= Frank L. Ryerson =

Frank Layton Ryerson (3 July 1905 in Paterson, New Jersey – 15 May 1995 in Clearwater, Florida) was an American trumpeter, composer, arranger and educator.

==Professional Musician==

Ryerson was raised in Paterson, NJ and got his start as a professional trumpet player at the Meadowbrook in nearby Cedar Grove. As a trumpeter and arranger, Ryerson performed and recorded with several big bands, beginning in 1927, including Mal Hallett and His Orchestra (also as an arranger; 1936), Glen Gray and His Casa Loma Orchestra (1939-1942), Jack Teagarden (1939), Jimmy Dorsey, and Vaughn Monroe and His Orchestra (1944). Between 1939 and 1942 his trumpet playing appeared on 137 band recordings.

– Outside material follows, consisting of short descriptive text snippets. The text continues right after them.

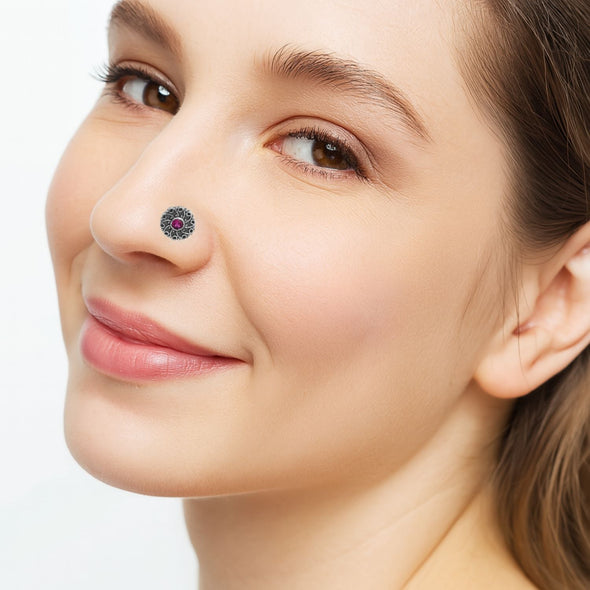 Pink Gemstone Nose Pin - Sterling Silver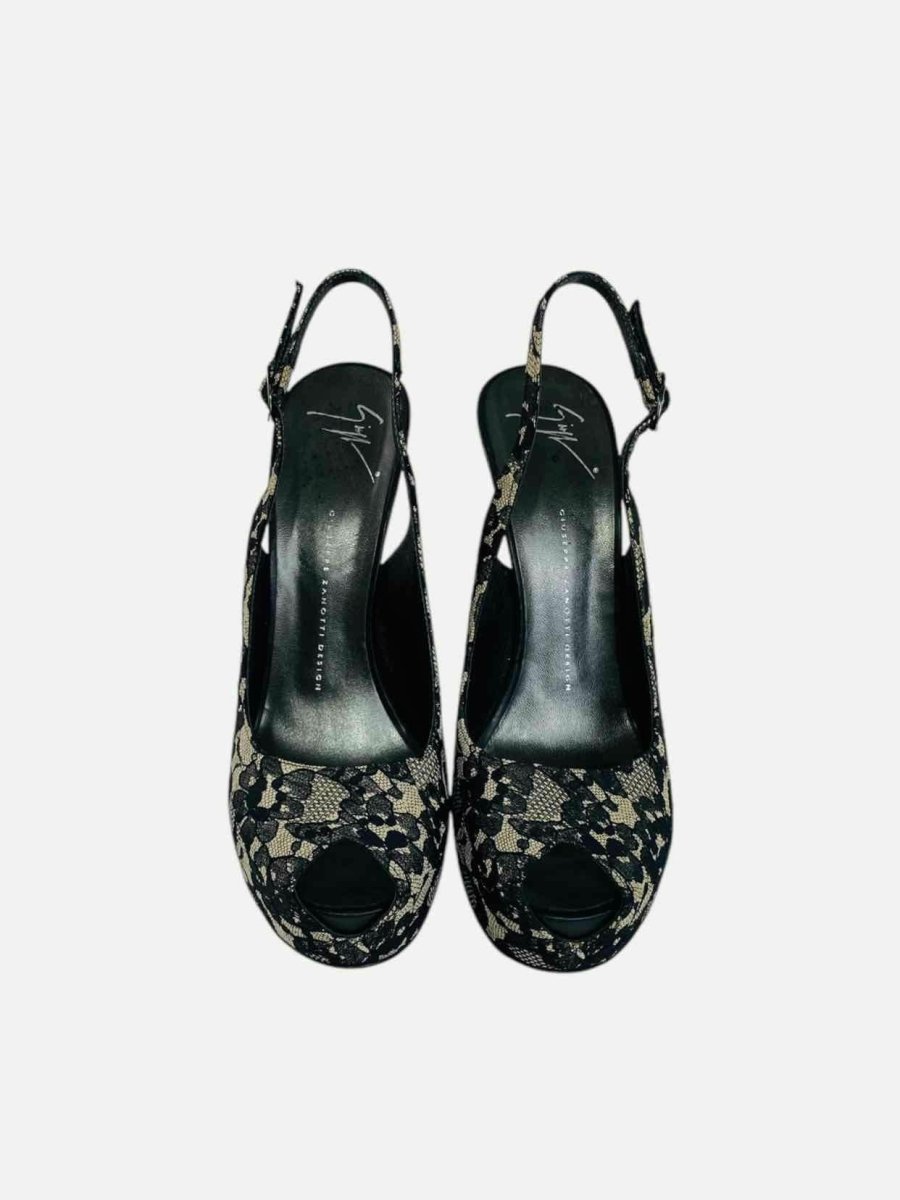 Pre - loved GUISEPPE ZANOTTI Black & Beige Size EU 41 Slingbacks at Reems Closet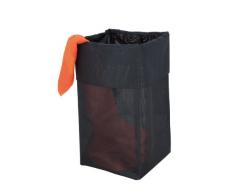 WENKO 2780004100 Wäschesammler Lifetime Schwarz L - Wäschekorb, Weboptik, Fassungsvermögen 54 L, Kunststoff - Polyester, 30 x 56 x 30 cm, Schwarz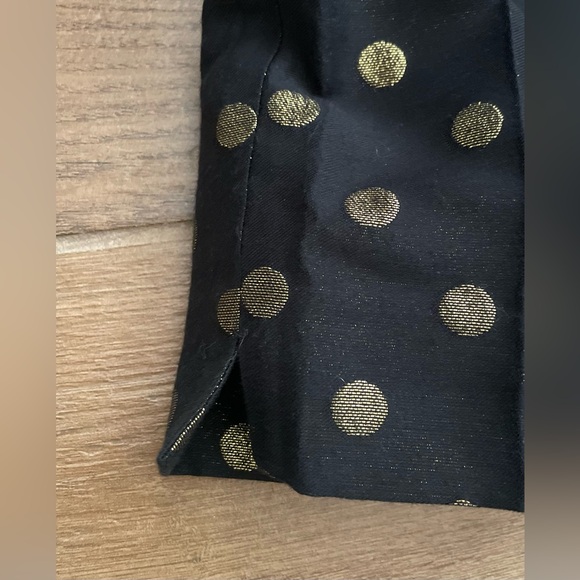 Talbots RSVP Women’s 8P Black Ankle Pants with gold metallic dots - Picture 9 of 16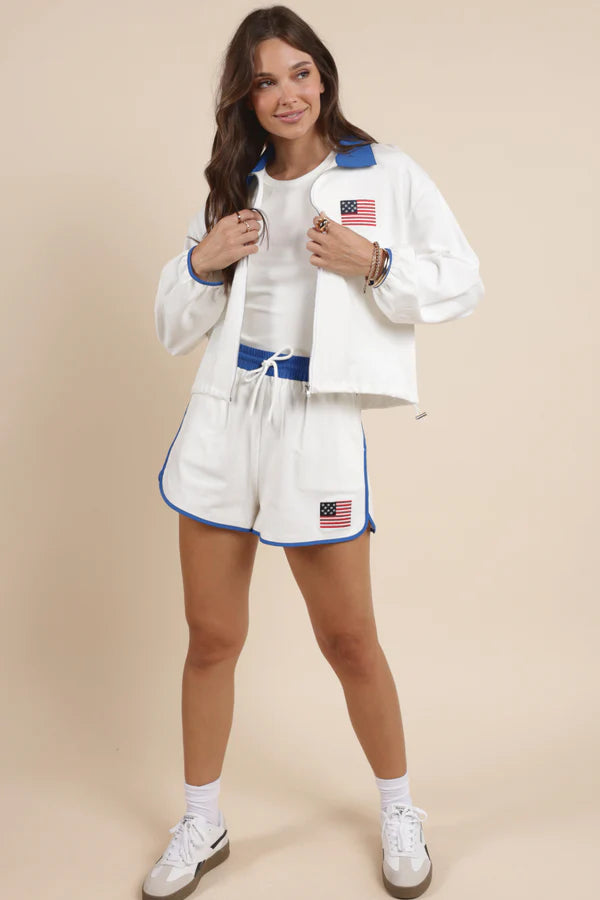 Patriotic Flag Embroidery Zipup Contrast Collar Jacket - White - BAY WINDOW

Ryerson co-wrote the Jimmy Dorsey hit "Blue Champagne" written in 1941 and covered by The Manhattan Transfer in their 1975 album titled The Manhattan Transfer. He wrote the stirring "Lament in D Minor." By 1949 he was the orchestral arranger for Vaughn Monroe.

==Educator==

For the remaining half of his career Ryerson was an educator. Beginning in 1951 he built and ran the instrumental music program for the Paramus Public Schools. He graduated from the Manhattan School of Music and in 1957 became the music director at the new Paramus High School where he created the student concert band, marching band, big-band style dance (stage) band, and later a brass choir. He arranged many of the charts himself and introduced innovative techniques to the marching band not common at the time. The organizations were known for their high quality and enthusiasm from the beginning. He wrote the alma mater lyrics (sung to the tune "Aura Lee", popularly known at the time in the form of Elvis Presley's "Love Me Tender")

He also led and played trumpet in a local small professional dance/jazz combo, and provided private trumpet lessons at his home in the adjacent town of Fair Lawn, New Jersey, to students from the surrounding area.

After 25 years in the school system, in 1976 Ryerson retired and moved to Clearwater, Florida. He died nineteen years later on May 15, 1995 at the age of 89.